Your instructions:
From the line that contains "48 Sekretariat PPS" down to the final line below, please repeat each line exactly and nothing more, with no pictures.

[Excerpts from a dataset]
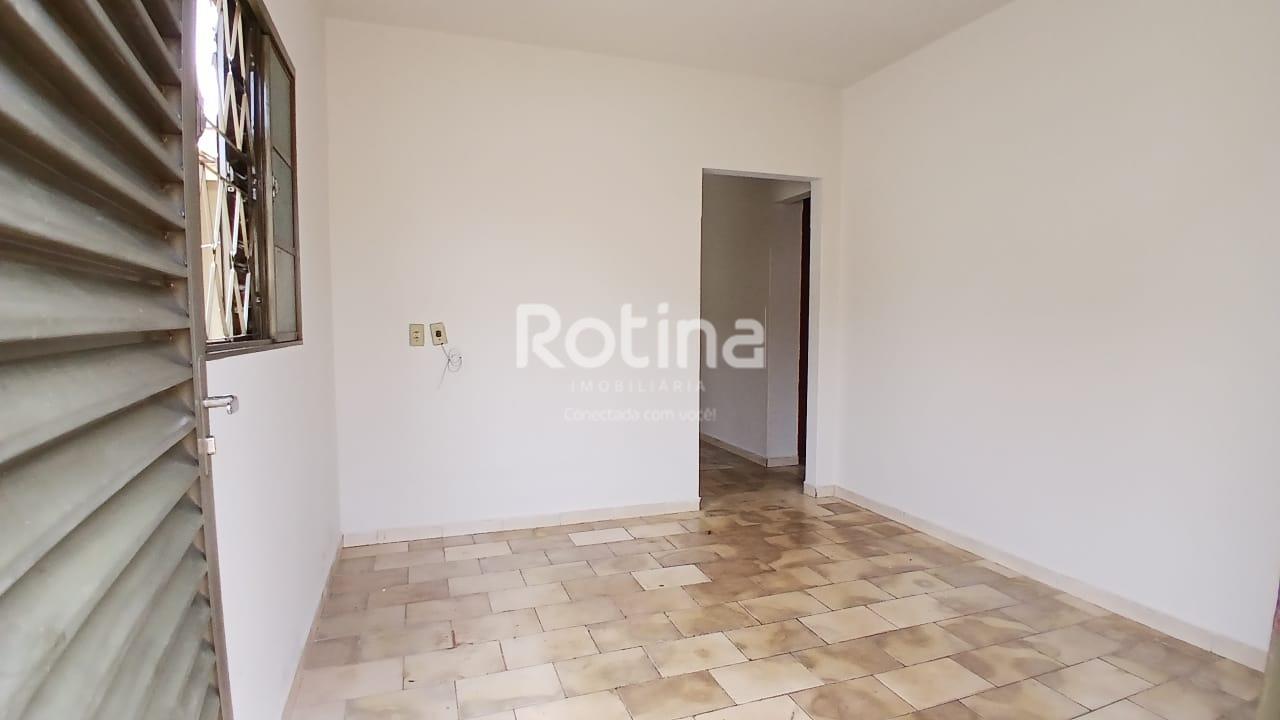 Casa para alugar, 2 quartos em Uberlândia no bairro Santa Mônica no valor de R$ 950,00 - Rotina Imobiliária: 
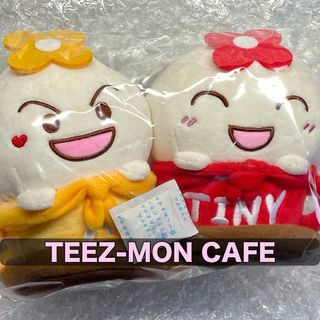 エイティーズ(ATEEZ)のTEEZ-MON ATEEZ CAFE ウヨン teezmon ぬいぐるみ(キャラクターグッズ)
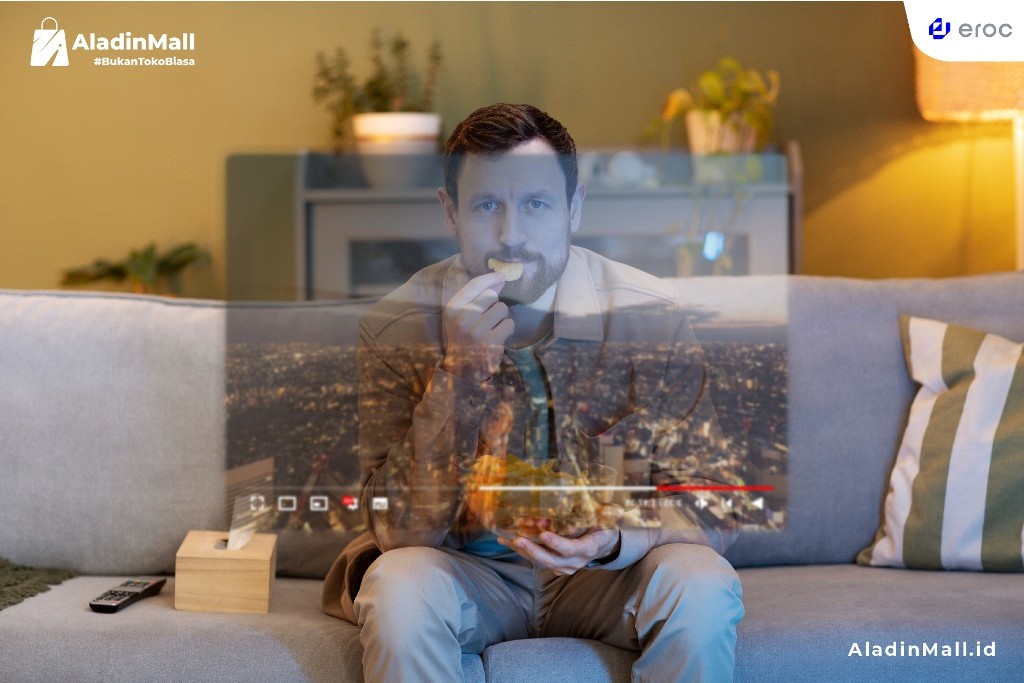Proyektor Pintar Ini Dapat Sertifikasi Resmi Netflix, Bisa Nonton Film Hollywood hingga Drakor Terbaru di Rumah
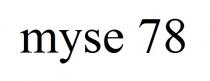 myse 78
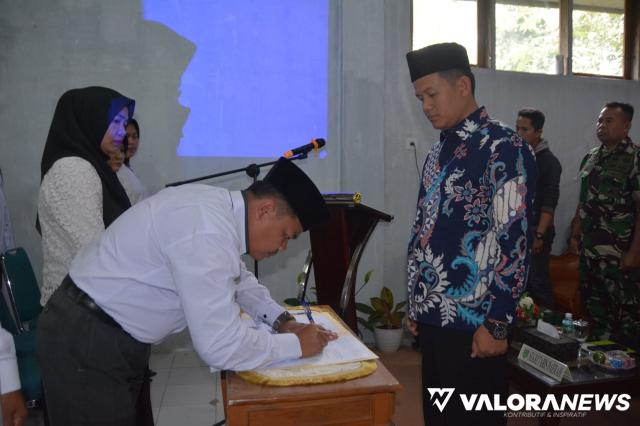 48 Sekretariat PPS se-Kota Padang Panjang Dilantik, Ini Pesan Sekda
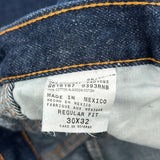 Dickies Jeans - 30W 33L Dark Wash Cotton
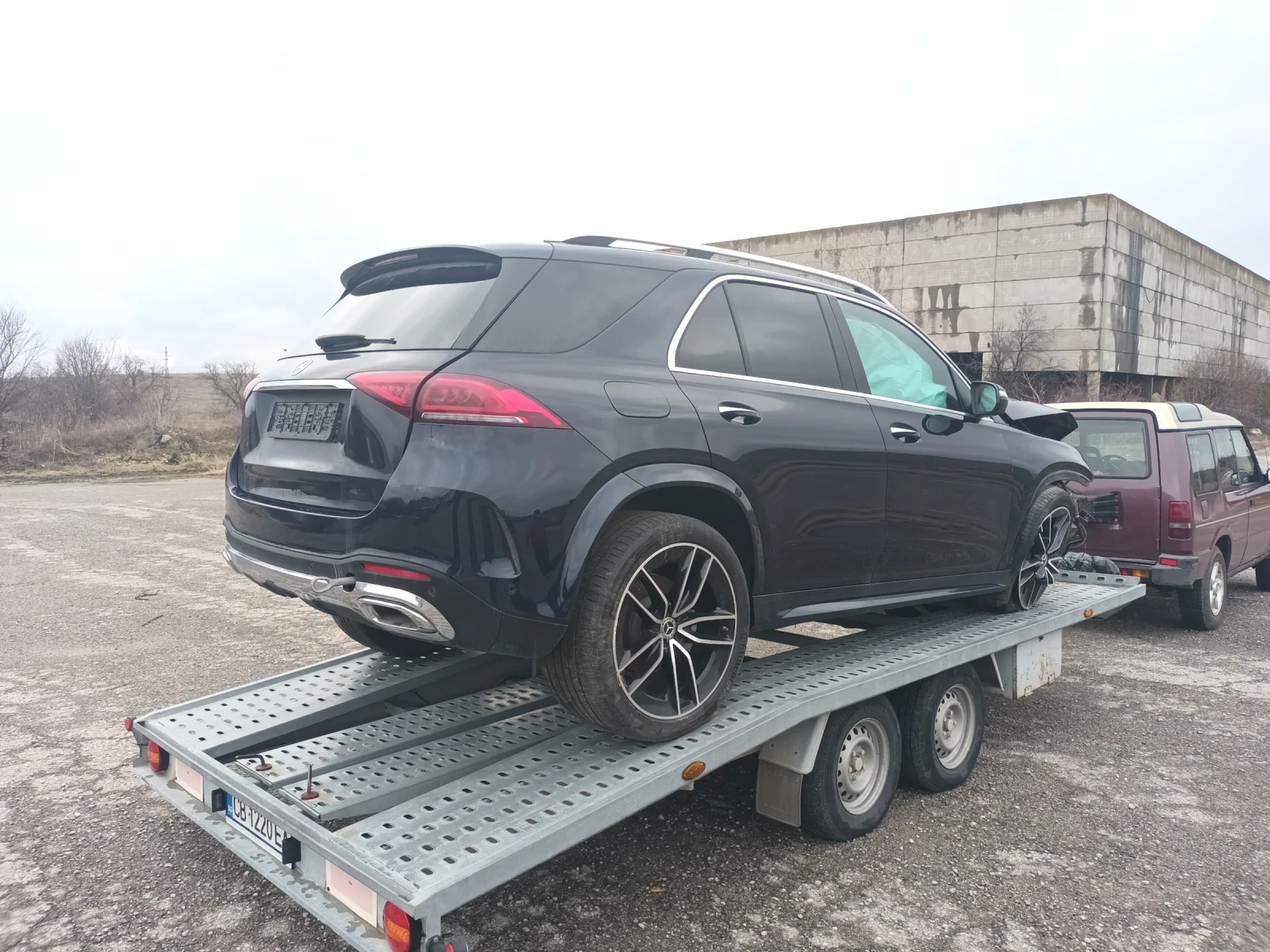 Mercedes-Benz GLE 450 Gle450 | Mobile.bg — изображение 14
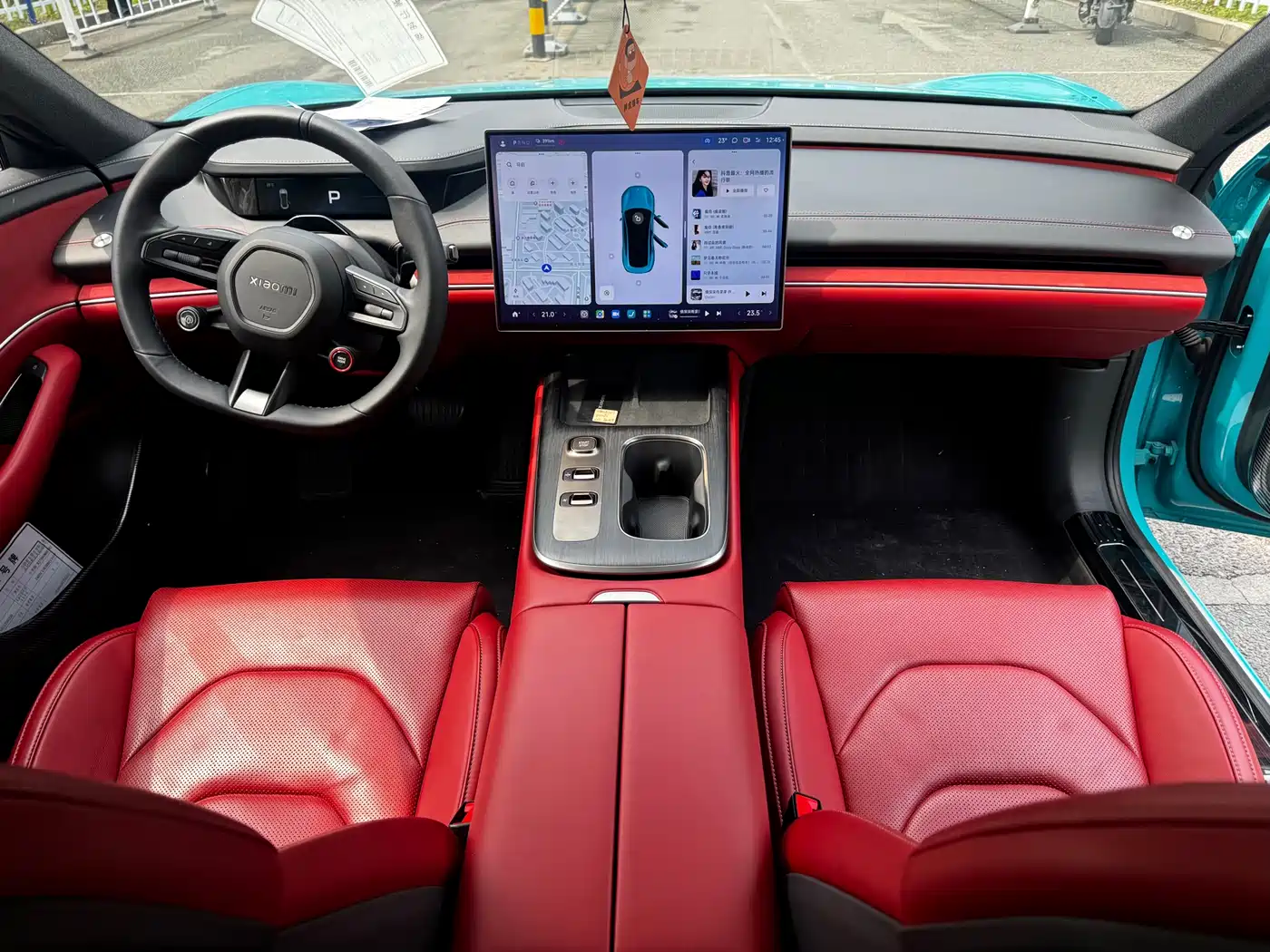 XIAOMI CAR XIAOMI SU7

Reply to the exercise:
 48 Sekretariat PPS se-Kota Padang Panjang Dilantik, Ini Pesan Sekda
 Dickies Jeans - 30W 33L Dark Wash Cotton
 Mercedes-Benz GLE 450 Gle450 | Mobile.bg — изображение 14
 XIAOMI CAR XIAOMI SU7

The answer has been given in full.